PRD: Web Framework Benchmark — E-Commerce Comparison Suite

Problem Statement

Existing web framework performance comparisons are either too narrow (CSR-only microbenchmarks), too broad (CrUX field data across all sites including unoptimised ones), or rely on synthetic workloads that don’t reflect real e-commerce usage patterns.

Developers and engineering managers making framework decisions for e-commerce and content-heavy applications cannot currently compare optimally-implemented versions of the leading frameworks side-by-side, across all three rendering modes (SSG, SSR, CSR), under controlled and variable backend latency conditions.

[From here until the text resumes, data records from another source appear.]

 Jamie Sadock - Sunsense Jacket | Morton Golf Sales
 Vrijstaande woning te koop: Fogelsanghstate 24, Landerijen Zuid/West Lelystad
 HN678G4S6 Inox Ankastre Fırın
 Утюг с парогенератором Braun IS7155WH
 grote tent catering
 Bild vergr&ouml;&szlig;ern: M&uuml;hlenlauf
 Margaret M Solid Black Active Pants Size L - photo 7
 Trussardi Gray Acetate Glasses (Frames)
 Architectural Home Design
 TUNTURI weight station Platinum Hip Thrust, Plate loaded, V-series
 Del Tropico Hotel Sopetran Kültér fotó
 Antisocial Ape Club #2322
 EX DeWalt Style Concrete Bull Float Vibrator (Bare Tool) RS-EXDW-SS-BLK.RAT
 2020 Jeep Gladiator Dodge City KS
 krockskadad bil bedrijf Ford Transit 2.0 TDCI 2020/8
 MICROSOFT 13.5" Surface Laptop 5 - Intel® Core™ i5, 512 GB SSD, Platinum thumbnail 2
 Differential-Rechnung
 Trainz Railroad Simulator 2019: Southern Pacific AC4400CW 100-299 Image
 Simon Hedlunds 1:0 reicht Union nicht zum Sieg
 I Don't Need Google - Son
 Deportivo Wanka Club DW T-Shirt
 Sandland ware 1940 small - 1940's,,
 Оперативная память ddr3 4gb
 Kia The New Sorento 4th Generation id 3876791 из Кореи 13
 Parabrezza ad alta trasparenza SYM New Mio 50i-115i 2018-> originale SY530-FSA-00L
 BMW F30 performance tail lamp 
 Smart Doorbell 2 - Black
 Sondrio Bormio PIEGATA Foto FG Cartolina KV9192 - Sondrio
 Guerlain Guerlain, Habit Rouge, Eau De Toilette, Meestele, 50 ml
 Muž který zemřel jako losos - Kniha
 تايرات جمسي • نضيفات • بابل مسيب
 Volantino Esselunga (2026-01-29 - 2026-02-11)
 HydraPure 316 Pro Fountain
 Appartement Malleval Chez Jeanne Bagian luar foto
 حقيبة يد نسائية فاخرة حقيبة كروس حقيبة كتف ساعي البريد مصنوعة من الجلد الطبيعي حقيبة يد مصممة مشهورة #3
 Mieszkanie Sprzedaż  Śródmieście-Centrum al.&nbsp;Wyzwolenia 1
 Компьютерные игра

The research report web-framework-performance-complexity-2026.md identifies specific gaps: no controlled ISR comparison, no real-world SolidStart production data, no framework comparison for AI-workload or streaming latency profiles, and no benchmark that measures a complete user journey (listing → detail → filter → cart) rather than a single isolated page.

The result is that framework decisions are made on incomplete, potentially biased, or outdated evidence — leading teams to either overpay a performance tax (choosing Next.js for its ecosystem despite 25–27% real-world CWV pass rates) or miss out on hiring-friendly frameworks without understanding the true cost.

Solution

Build a monorepo benchmark suite (web-framework-benchmark) containing eight optimally-implemented e-commerce applications — one per framework variant — all serving data from a single shared API with controllable latency, all styled with the same Tailwind v4 CSS, and all measured by an automated Playwright + Lighthouse benchmark runner that produces structured, reproducible results.

Each application implements the same four-page e-commerce journey (product listing, product detail, category/filter, cart) using its framework’s idiomatic best practices and optimal rendering strategy per page, with the chosen strategy documented in a per-app STRATEGY.md.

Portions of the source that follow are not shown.